Protests against PEN have continued, and writers have publicly clashed. On Thursday night, around 20 protestors stood in front of the museum, calling out names of Palestinian civilians killed and chanting “Shame!” as gala attendees arrived. Earlier this month, Author-journalist and PEN board member George Packer condemned what he called the “authoritarian spirit” of PEN critics, alleging in The Atlantic they were pressuring others not to back the organization. Mengestu responded on Instagram by alleging that Packer's essay “perverts and distorts the legitimate and necessary criticisms against PEN” and trivializes the Gaza war.

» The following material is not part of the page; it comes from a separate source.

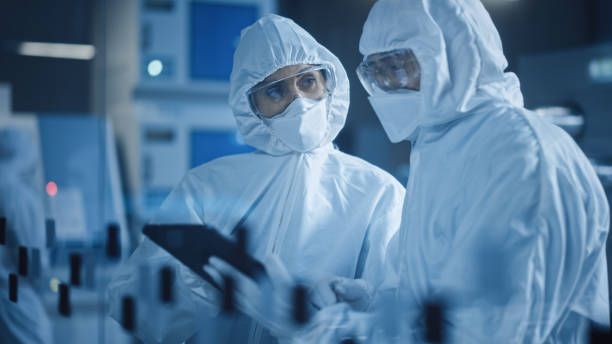 istock Factory Cleanroom: Engineer and Scientist Wearing Coveralls, Standing in Workshop Talk and Use Tablet Computer, Professionals Develop Technology for Modern CNC Machinery and Electronic Equipment 1294339667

Last week more than a dozen writers who withdrew from PEN events held a benefit reading at a church in downtown Manhattan, with proceeds going to We Are Not Numbers, a youth-led Palestinian non-profit in Gaza that advocates for human rights. When the opening speaker, Nancy Kricorian, referred to the PEN cancellations, audience members shouted and clapped. Another speaker, writer-translator and “World Voices” co-founder Esther Allen, criticized PEN for continuing with the fundraising gala while calling off the awards and World Voices.

“The priorities could not be clearer,” she said.

Two honors Thursday night were dedicated to those under siege in the U.S. and abroad.

PEN's Freedom to Write Award, for imprisoned dissidents, was given to journalist Pham Doan Trang of Vietnam. Accepting on her behalf, her friend Quynh-Vi Tran praised Trang as a “symbol of bravery and perseverance, inspiring countless young people to envision and strive for a Vietnam where freedom and human rights are upheld.”

PEN's Courage Award was presented to Georgia election workers Ruby Freeman and her daughter, "Shaye” Moss, both of whom faced violent threats after President Donald Trump falsely accused them of manipulating ballots for the 2020 election.

“I still struggle with fear. It has a way of just rearing its head and interrupting my life. I would love for it to stop, but what I want most is for people to understand the truth that has been buried beneath so many lies,” Moss said.

“But here tonight, with all of you, I’m filled with hope again.”